7. Résumé des recommandations pour la foulée et chaussures
- Augmenter la cadence à 180 pas/min pour réduire les blessures.
- Favoriser chaussures minimalistes avec transition progressive.
- Adapter la foulée pour limiter les contraintes mécaniques.
À retenir : La gestion du stress mécanique via le choix de la chaussure, la cadence et la charge d’entraînement est la clé pour prévenir les pathologies du coureur.
Lombalgie
1. Bursite trochantérienne
- Symptômes : douleur latérale à la palpation, tuméfaction locale, test de compression manuelle positif.
- Mécanisme : frottement de la bandelette ilio-tibiale (BIT) sur la hanche, aggravé par affaissement du bassin opposé dû à une faiblesse des muscles fessiers.
- Traitement : éviter mouvements douloureux et compression, prudence à la descente des côtes, analgésiques (taping, crème anti-inflammatoire), renforcement des fessiers, infiltration cortisonique en dernier recours.
2. Tendinopathie du moyen fessier
- Localisation : douleur le long de la crête iliaque et/ou supra-trochantérienne.
- Test clinique : résistance en abduction de hanche en décubitus dorsal (0° et 45° de flexion).
3. Fasciapathie d’origine de la bandelette ilio-tibiale (BIT)
- Symptômes : douleur antérieure au niveau du tubercule iliaque, douleur latérale au genou (syndrome de l'essuie-glace).
- Cause : frottements répétés de la BIT contre le condyle fémoral externe, souvent liée à surentraînement, mauvaise préparation ou facteurs morphologiques.
- Facteurs aggravants chez cyclistes : mauvaise posture, cadre inadapté, hauteur de selle incorrecte.
4. Tendinopathie des fléchisseurs de hanche
- Tendons concernés : psoas, droit fémoral, droit interne, fascia lata.
- Symptômes : douleur à la palpation antérieure (EIAS, EIAI, fascia), douleur à la flexion résistée de hanche (décubitus dorsal, 90° flexion).
- Causes : mouvements répétés, effort intense, position inadéquate, complications post-chirurgicales.
- Traitement : repos, kinésithérapie, anti-inflammatoires.
5. Tendinopathie proximale des ischio-jambiers
- Localisation : tendon à la tubérosité ischiatique (arrière cuisse, sous la fesse).
- Symptômes : douleur aggravée par position assise ou extension de hanche.
- Causes : surcharge mécanique, microtraumatismes répétés.

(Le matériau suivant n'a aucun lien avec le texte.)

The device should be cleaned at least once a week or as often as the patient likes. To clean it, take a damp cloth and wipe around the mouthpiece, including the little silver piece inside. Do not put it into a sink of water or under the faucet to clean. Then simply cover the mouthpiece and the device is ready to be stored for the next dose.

- Traitement : repos, modification activité, physiothérapie (renforcement excentrique), ondes de choc si besoin.
- Conseils : diminuer intensité et dénivelés, étirements sous seuil douloureux, cadence de course 170-180 pas/min, minimalisme.
6. Fracture de stress de la hanche
- Définition : microfissure osseuse due à charges répétées excessives, non traumatique.
- Symptômes : douleur augmentant à l’effort, surtout à la rotation interne.
- Diagnostic : parfois difficile au début, nécessite imagerie.
- Traitement : repos, rééducation progressive, analyse des facteurs favorisants.
7. Conflit fémoro-acétabulaire (CFA)
- Définition : contact anormal entre col du fémur et rebord acétabulaire dû à anomalie osseuse.
- Symptômes : douleur profonde dans l’aine, raideur, perte de mobilité, aggravée par flexion et rotation (test FADIR positif).
- Population : jeunes adultes sportifs.
- Traitement : conservateur (repos, physiothérapie), chirurgie si échec.
8. Coxarthrose
- Définition : arthrose de la hanche, usure progressive du cartilage.
- Symptômes : douleurs, raideurs, perte de mobilité, aggravées par âge, obésité, efforts excessifs.
- Diagnostic : radiographies.
- Traitement : médicaments, mesures hygiéno-diététiques, chirurgie (prothèse) en cas avancé.
9. Douleur sacro-iliaque
- Localisation : bas du dos, fesses, irradiations vers hanche, aine, cuisse.
- Causes : inflammation ou trouble mécanique de l’articulation sacro-iliaque, liée à traumatismes, grossesses, mauvaise posture, maladies inflammatoires (ex : spondylarthrite).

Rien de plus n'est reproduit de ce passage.